It should be an easy home run. Antonio Campos’ starry, swampy Southern gothic The Devil All the Time has so many tools the indie, used to smaller-scale explorations of filmmaker is unsure how to deploy them. Tom Holland, Robert Pattinson, Riley Keough, Eliza Scanlen, Mia Wasikowska, Bill Skarsgård, Tom Holland, Haley Bennett, Jason Clarke, Sebastian Stan, and Harry Melling are an incredible ensemble, and they’re always watchable even though Campos’ exploration of hillbilly sin and corruptible faith is ponderous and less than the sum of its parts.
Fire and brimstone preachers, serial killers, prostitutes, corrupt cops, and traumatized war vets populate Campos’ corner of Hell, colorfully named Knockemstiff, Ohio. Author William Ray Pollock’s novel skillfully connected this southern-fried Rogue’s Gallery through an endless cycle of violence, cruelty, and deceit. Campos, who directed and co-wrote the script with brother Paolo, is never able to translate Pollock’s themes or ostentatious dialogue onto a cinematic landscape. Instead, characters flit in and out haphazardly, making it difficult to engage and making the 2 1/2-hour runtime feel like 4.
There are no heroes in this sort of film, but Holland’s protagonist Arvin Russell is the closest thing to it. But even he registers as barely there. We’re introduced to him, much younger, as a boy forever-molded by tragedy. A skeletal Bill Skarsgard, as creepy as his infamous portrayal of Pennywise, plays Arvin’s war-scarred father; with Haley Bennett as the boy’s angelic but sickly mother. A terminal reliance on the word of God sends the entire family into a downward spiral, and Arvin into adulthood as a bitter, angry, and violent man. Arvin recalls the harsh retribution his father would dish out to anyone who crossed him, using it as fuel to exact similar payback to those who threaten the people he loves.

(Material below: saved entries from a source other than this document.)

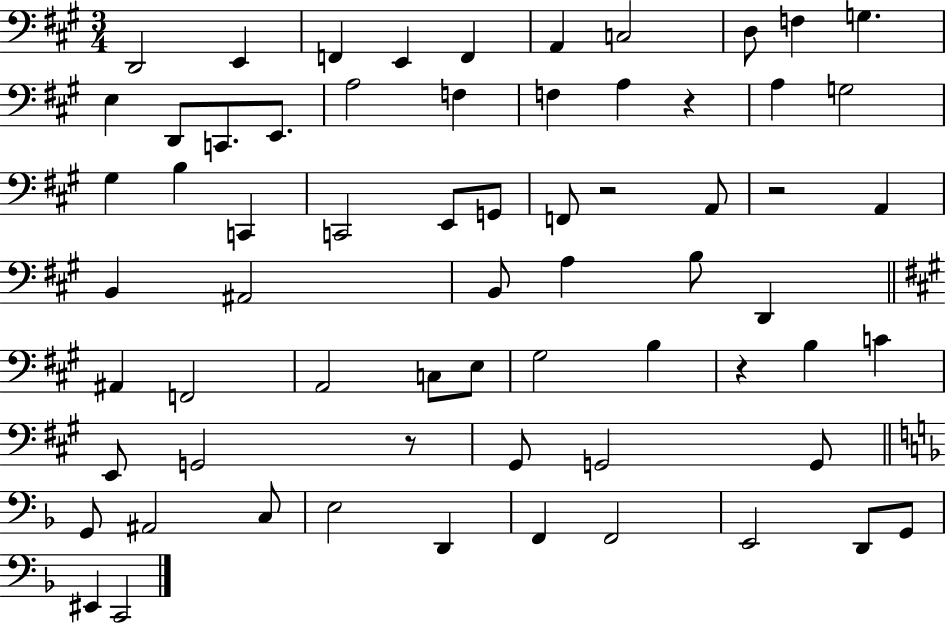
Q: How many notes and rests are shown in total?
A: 66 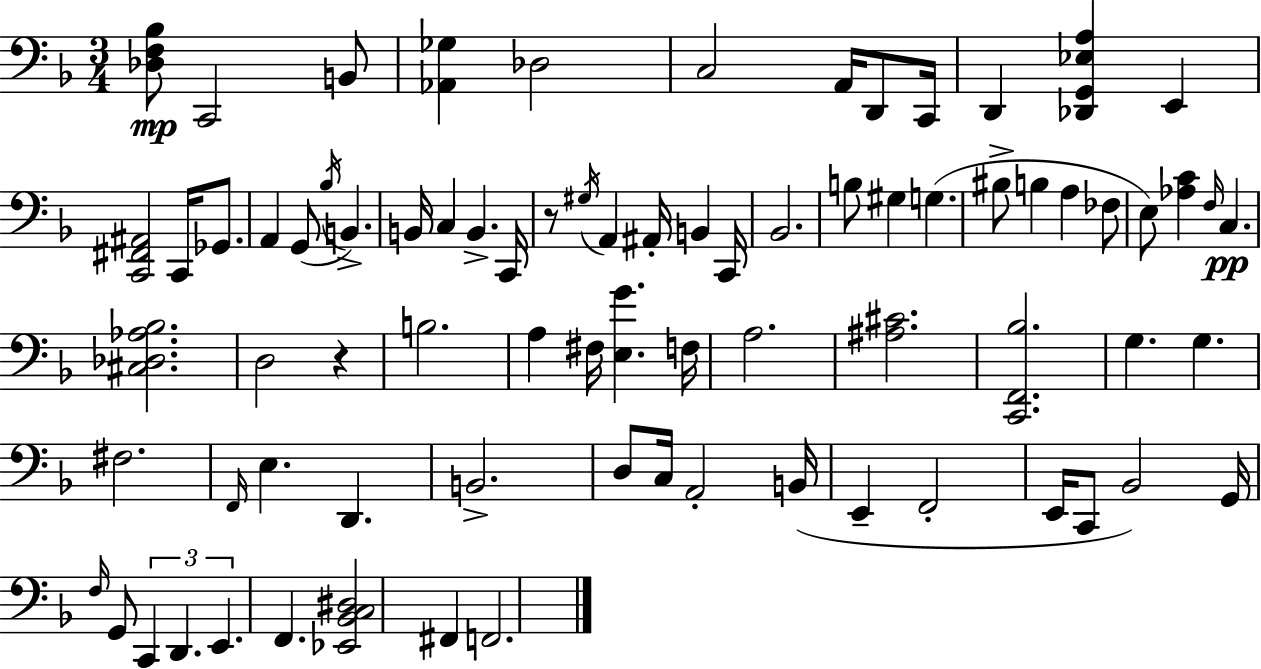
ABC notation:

X:1
T:Untitled
M:3/4
L:1/4
K:F
[_D,F,_B,]/2 C,,2 B,,/2 [_A,,_G,] _D,2 C,2 A,,/4 D,,/2 C,,/4 D,, [_D,,G,,_E,A,] E,, [C,,^F,,^A,,]2 C,,/4 _G,,/2 A,, G,,/2 _B,/4 B,, B,,/4 C, B,, C,,/4 z/2 ^G,/4 A,, ^A,,/4 B,, C,,/4 _B,,2 B,/2 ^G, G, ^B,/2 B, A, _F,/2 E,/2 [_A,C] F,/4 C, [^C,_D,_A,_B,]2 D,2 z B,2 A, ^F,/4 [E,G] F,/4 A,2 [^A,^C]2 [C,,F,,_B,]2 G, G, ^F,2 F,,/4 E, D,, B,,2 D,/2 C,/4 A,,2 B,,/4 E,, F,,2 E,,/4 C,,/2 _B,,2 G,,/4 F,/4 G,,/2 C,, D,, E,, F,, [_E,,_B,,C,^D,]2 ^F,, F,,2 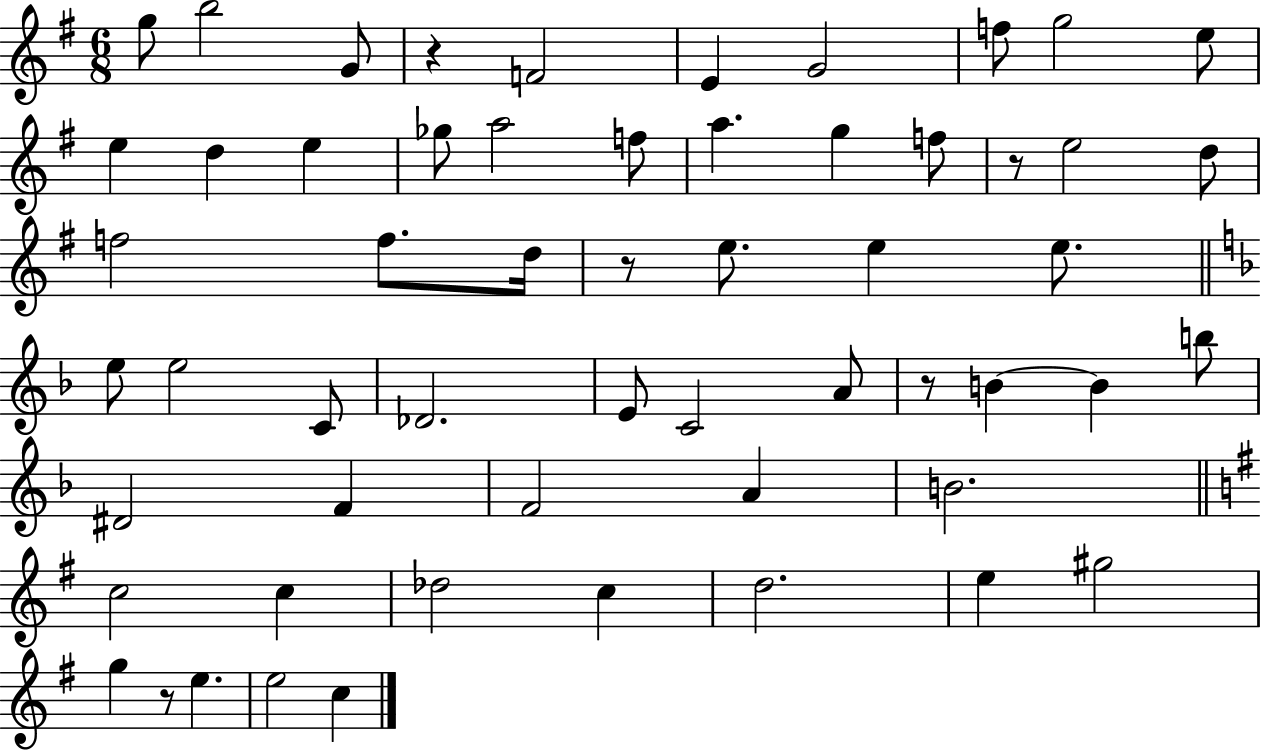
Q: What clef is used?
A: treble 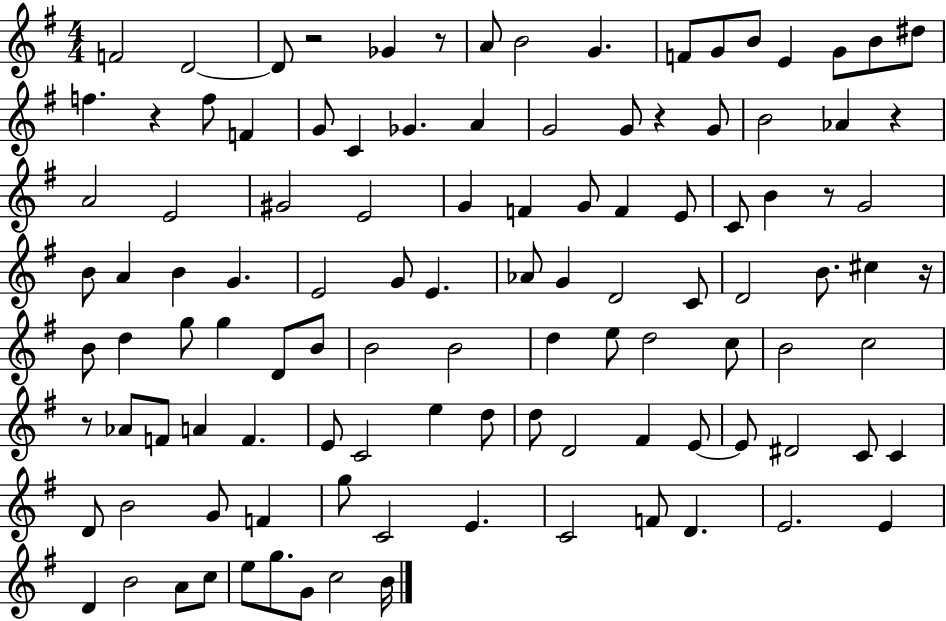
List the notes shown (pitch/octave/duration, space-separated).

F4/h D4/h D4/e R/h Gb4/q R/e A4/e B4/h G4/q. F4/e G4/e B4/e E4/q G4/e B4/e D#5/e F5/q. R/q F5/e F4/q G4/e C4/q Gb4/q. A4/q G4/h G4/e R/q G4/e B4/h Ab4/q R/q A4/h E4/h G#4/h E4/h G4/q F4/q G4/e F4/q E4/e C4/e B4/q R/e G4/h B4/e A4/q B4/q G4/q. E4/h G4/e E4/q. Ab4/e G4/q D4/h C4/e D4/h B4/e. C#5/q R/s B4/e D5/q G5/e G5/q D4/e B4/e B4/h B4/h D5/q E5/e D5/h C5/e B4/h C5/h R/e Ab4/e F4/e A4/q F4/q. E4/e C4/h E5/q D5/e D5/e D4/h F#4/q E4/e E4/e D#4/h C4/e C4/q D4/e B4/h G4/e F4/q G5/e C4/h E4/q. C4/h F4/e D4/q. E4/h. E4/q D4/q B4/h A4/e C5/e E5/e G5/e. G4/e C5/h B4/s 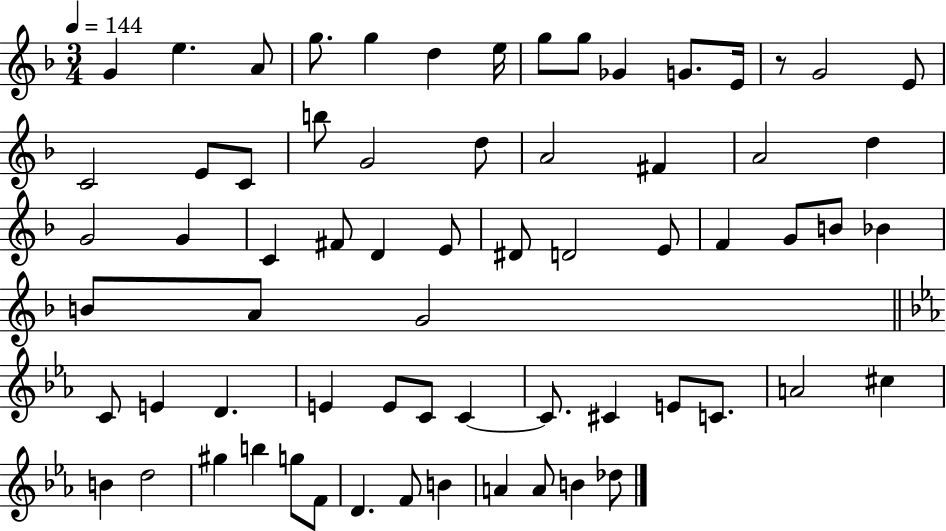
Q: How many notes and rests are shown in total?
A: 67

Through bland narration that explains where Campos fails to show, The Devil All the Time follows a series of broken people, too many, with most registering as barely surface level. Along with Arvin, we meet a psychopathic killer couple (Clarke and Keough) who entice boyish men into sexualized photos only to murder them for posterity. A dirty local sheriff (an unrecognizably bloated Stan) with political ambitions colludes with the criminal element. A legacy begins to form in the cruel fate of poor, naive Helen (Wasikowska), who marries a spooky-eyed pastor (Melling) who dumps poisonous spiders on his face to prove his piety to an eager parish. When his faith in God waivers, he delivers a murderous show of sacrifice.
Later, Helen’s equally innocent and lonely daughter Lenora (Scanlen) is enticed by another wolf in sheep’s clothing, pastor Preston Teagardin (Pattinson), who preaches scorched Earth tales of holy righteousness. He is, naturally, a man of immense sin, who uses his forked-tongue to demean his followers (pity Arvin’s grandmother and her chicken livers) and corrupt young women.
“To show yourself as the lord made his first children is to truly show yourself to him”, the he purrs in his pecan pie twang to Lenora in the front seat of his angel white Chevy. In short, he wants her to strip, or to be in her “birthday suit” she childishly calls it. After the deed is done, he delivers the backhand slap of God’s judgement, driving the girl to ruin.
Only Pattinson seems to get it. While the other actors capably express the film’s hanging air of depression with dour, understated performances, Pattinson’s devilish man of God is a thing of incredible irony and humor. There’s something about the way Pattinson can show up out of nowhere and steal away an entire movie, but even in the limited scenes he gets here (nobody gets their due, really) he manages to create the only character lively enough to warrant our full attention. Contemptible though he may be, at least he feels alive, unlike the others who speak with profound purpose but are dull in their profound sense of purpose.
Campos has journeyed down this path before. Through his films Afterschool, Simon Killer, and Christine he has shown with greater detail the societal and personal factors which drive people to kill. But here, those pressures are lost amidst the oppressive dialogue, dragging atmosphere, and loads of exposition. It’s not for me to say that he’s made too great of a leap too soon, but this is familiar ground Campos is walking with The Devil All the Time and yet it slips away, wriggling free like a snake from an inexperienced handler’s grip. In widening his attentions, Campos fails to get at the heart of these lost souls.